A solution to parks' shutdown

| Tuesday, Oct. 15, 2013, 9:00 p.m.

President Obama's critics dismiss the closing of iconic monuments and attractions as a cynical political ploy to maximize the perceived pain of a partial government shutdown. That's only partly right. These actions reflect ideological motivations that have never before guided shutdown strategy.

During the Clinton administration, I worked for the federal government. Those of us who labored on the staff of Congress' Joint Economic Committee had to stay home because we were “nonessential.” Despite the political bloviation about how the shutdown would tank the economy, apparently Congress didn't need economic advice during the shutdown. Had it considered some guidance on government land use and privatization, however, some of the current political gamesmanship may have been mitigated.

The 1995-96 shutdown caused tremendous hardship. But this time, the shutdown isn't affecting just federal employees and operations. The government also sought the shutdown of privately owned and privately funded facilities by controlling access to them.

One prominent closure was the open-air World War II Memorial (until it was stormed by D-Day veterans in wheelchairs). Private funds built the memorial, but it sits on federal land in the middle of the National Mall.

Another brief victim was George Washington's home at Mt. Vernon, owned and operated by the Mt. Vernon Ladies' Association, a private nonprofit founded in 1853. The National Park Service barricaded Mt. Vernon's parking lots. Mt. Vernon is not owned by the National Park Service and receives no federal money, but the parking lots are on federal land.

Privately owned Historic Jamestowne, site of the first permanent English-speaking settlement in the United States, is closed because visitors have to drive through a national park to get there. Some private campgrounds and inns are also closed for the first time during a shutdown because they're on federal land.

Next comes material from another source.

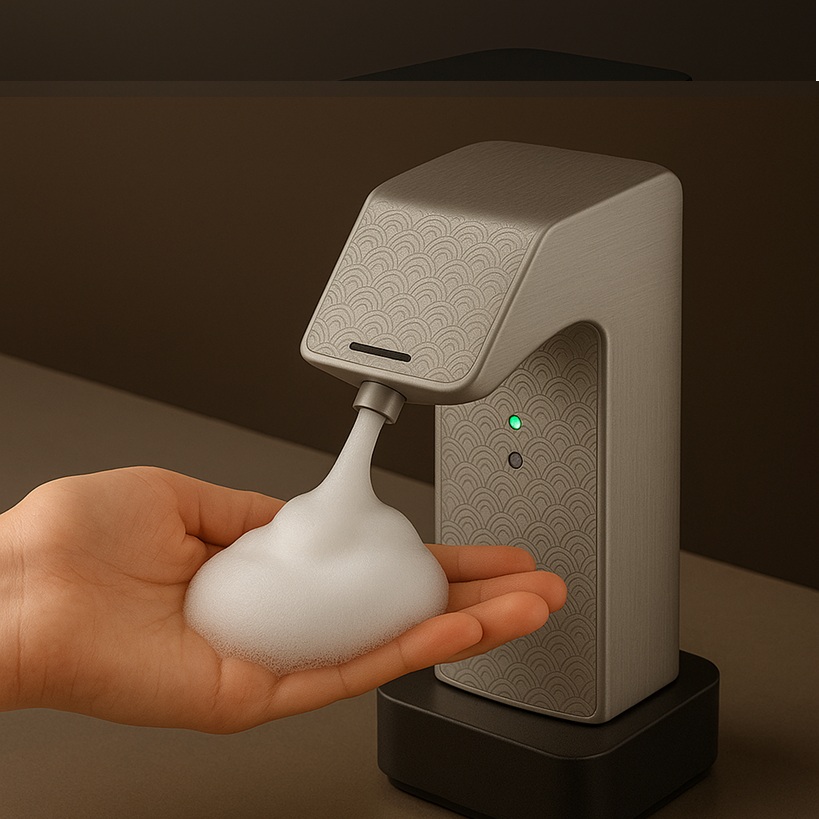 Row of sinks with automatic soap dispensers and touchless faucets in a commercial setting.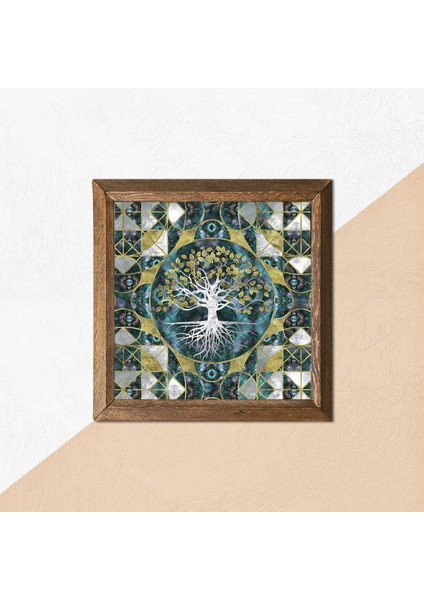 Hayat Ağacı Taş Duvar Tablosu Ahşap Çerçeveli Duvar Dekoru Wall Art 25x25cm W1-238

These aren't cynical political moves. They are logical outgrowths of an ideology articulated in the president's famous “you didn't build that” speech. The language chiding selfish business owners who think government deserves no credit for their accomplishments could just as well have been directed to the Mt. Vernon Ladies' Association: “Somebody invested in roads and bridges — you didn't build that. Somebody else made that happen.”

Sounds like a perfectly sensible reason for the government to block off access to Mt. Vernon's parking lots, privately funded memorials and privately run campgrounds. Maybe the next step could be setting up blockades at the entrance ramps of interstate highways. While we're at it, pull the plug on the Internet, since federal dollars funded the original networks.

When the administration's defenders predict calamity from a government shutdown or sequester or any other reduction in government activity, they're not being cynical. They know it can happen because a federal government that controls access can deny access.

By removing the government's control over access, privatization could eliminate some enticing opportunities to promote political polarization. Why not sell (or give) the Mt. Vernon parking lots to the nonprofit that owns Mt. Vernon? Why not sell some campgrounds and inns at national forests to the lessees who operate them (with deed restrictions to ensure they don't get turned into theme parks)? At the very least, Congress should give the nonprofit and for-profit operators of such facilities a legally enforceable guarantee that the federal government cannot cut off access in the future.

Jerry Ellig is a senior research fellow with the Mercatus Center at George Mason University.